The hardest thing about fighting back against any mental illness, addiction, mental limitations, or physical limitations is that there is not a direct enemy that you can see, that you rebel and fight against. I read “Unbroken” by Lauren Hillenbrand a few weeks ago and was inspired by the story. But it wasn’t the time Louis Zamperini spent as a POW that moved me. Yes, it took a lot of courage and strength to endure the horrifying experiences that he went through, but it is much more inspiring to hear of his real triumph and that didn’t happen until the war was over. His real triumph was when he overcame himself.
Human beings are naturally pretty good at withstanding lots of pain and hardship as long as it is coming from “out there”. There is someone to hate, someone to curse and your motivation revolves around pride, knowing that you’re going to do whatever it takes so that the enemy doesn’t beat you. But what do you do when the enemy is inside you? What do you do when the person to hate, to curse, and to triumph over is yourself? It is this internal struggle that requires more strength and courage than fighting any enemy on the outside. Why? Because in order to win, you’ve got to defeat yourself and that’s a whole different ballgame.

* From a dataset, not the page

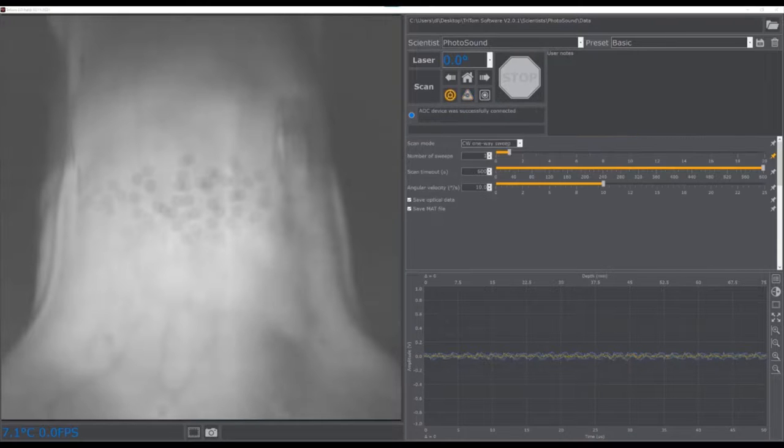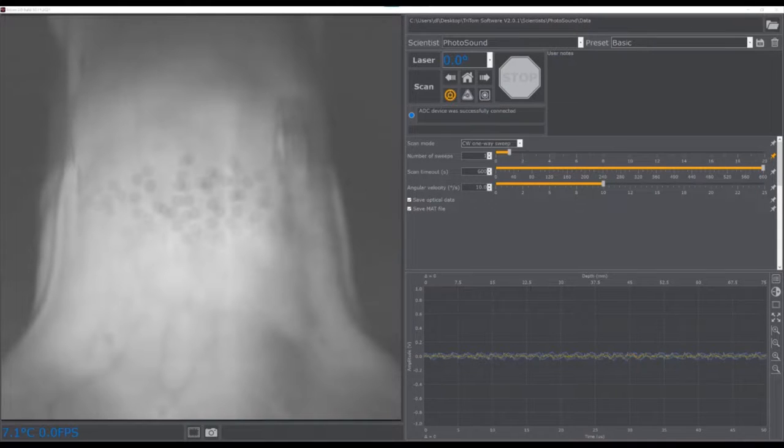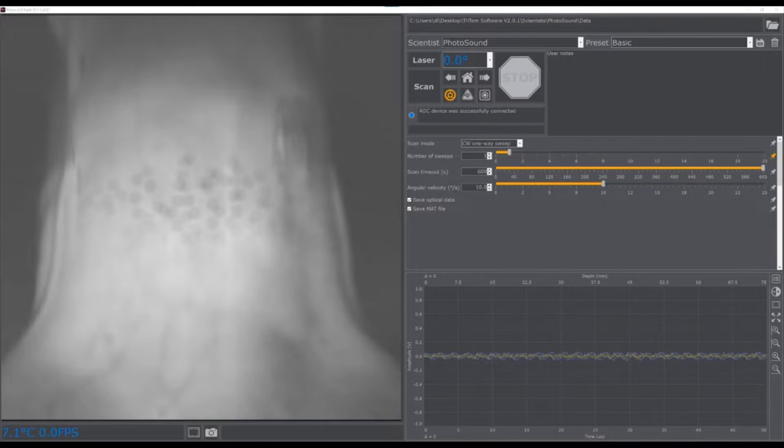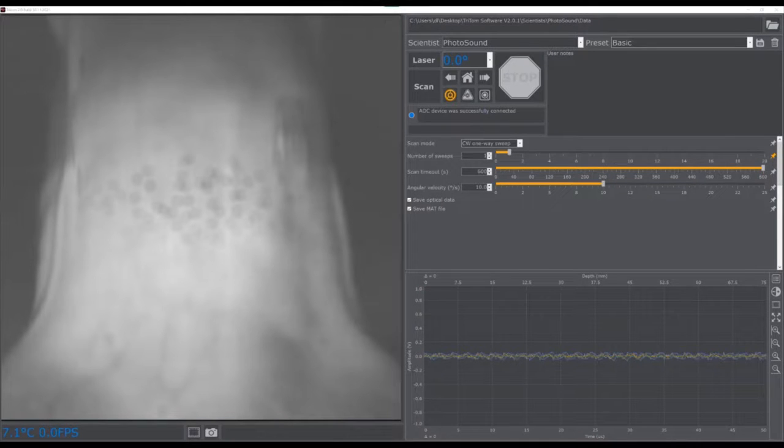Next to the laser settings is the scan settings menu that contains options for the direction of rotation for the scan, the scan timeout, angular velocity of the rotational motor, optical data save option, and an option for converting the saved scan data to a MATLAB file.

You can fight an external enemy and stay relatively the same person on the inside. Sure, it takes hard work and strength, but you’re pulling motivation from the “self” that is inside you. You have to endure, but you don’t have to change. With internal struggles, the sense of “self” is in direct conflict. Your mind is against your body, your spirit is against your mind, etc. You have to destroy the part of you that is causing the conflict and that requires more than just a little change. It requires a deep, painful metamorphosis like a caterpillar changing into a butterfly.

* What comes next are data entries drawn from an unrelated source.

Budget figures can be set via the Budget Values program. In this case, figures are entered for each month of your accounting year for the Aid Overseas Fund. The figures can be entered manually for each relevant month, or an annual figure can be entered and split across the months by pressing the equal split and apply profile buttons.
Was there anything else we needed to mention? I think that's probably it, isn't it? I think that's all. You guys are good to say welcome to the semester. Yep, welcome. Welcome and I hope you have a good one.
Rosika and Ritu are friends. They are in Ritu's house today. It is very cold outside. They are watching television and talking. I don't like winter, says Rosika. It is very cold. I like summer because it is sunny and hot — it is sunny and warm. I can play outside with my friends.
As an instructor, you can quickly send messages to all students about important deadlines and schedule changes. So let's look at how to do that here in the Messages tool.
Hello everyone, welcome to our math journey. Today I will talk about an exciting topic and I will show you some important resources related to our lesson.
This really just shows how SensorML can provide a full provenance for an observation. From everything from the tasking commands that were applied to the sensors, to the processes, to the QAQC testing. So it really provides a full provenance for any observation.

My biggest enemy is self-pity. Throughout my struggles with addiction and mental illness, I have always been my greatest enemy. If I’m honest, I don’t want to change. I want to stay the same as I’ve always been and stay in the comfort of the familiar. And I think everyone does, but the majority of people are never forced to change. I am. I can either take that as a blessing or a curse. Instead of accepting that, many times I fight against it, fighting against something “out there” whether it’s fate, God, circumstances, etc, asking “why me?”, “haven’t I been through enough?”, “can’t I just live normally for once?”, distracting myself from the real issue and the real enemy – me.
I want to pretend that I’m helpless, that everything isn’t my fault. And in many ways, it isn’t. I can’t change the fact that I can’t stop drinking once I start, I can’t control the fact that I have panic attacks and my mind doesn’t function the way it should, and I can’t change the days when I’m filled with apathy or plagued by depression. But I still have a choice. I chose to stay in my comfort zone, blaming external circumstances, unwilling to change, willing to blame and curse the hand I’ve been dealt. I fear emerging as a new butterfly, unrecognizable and unfamiliar. Fear keeps me in my cocoon. I want to go back to living as a caterpillar, where everything was easy and where the majority of society dwells. But I am not called to be a caterpillar. I am called to be a butterfly and until I stop fighting against the external and start killing the internal, I’m going to be one miserable human being. It is not my job to decide how or why things have happened to me the way they have. My job is to pick up the pieces and put them back together. I AM NOT A VICTIM. It sure as hell isn’t easy, but I still have the choice to endure, to change, or to wallow in self-pity. The choice is up to me.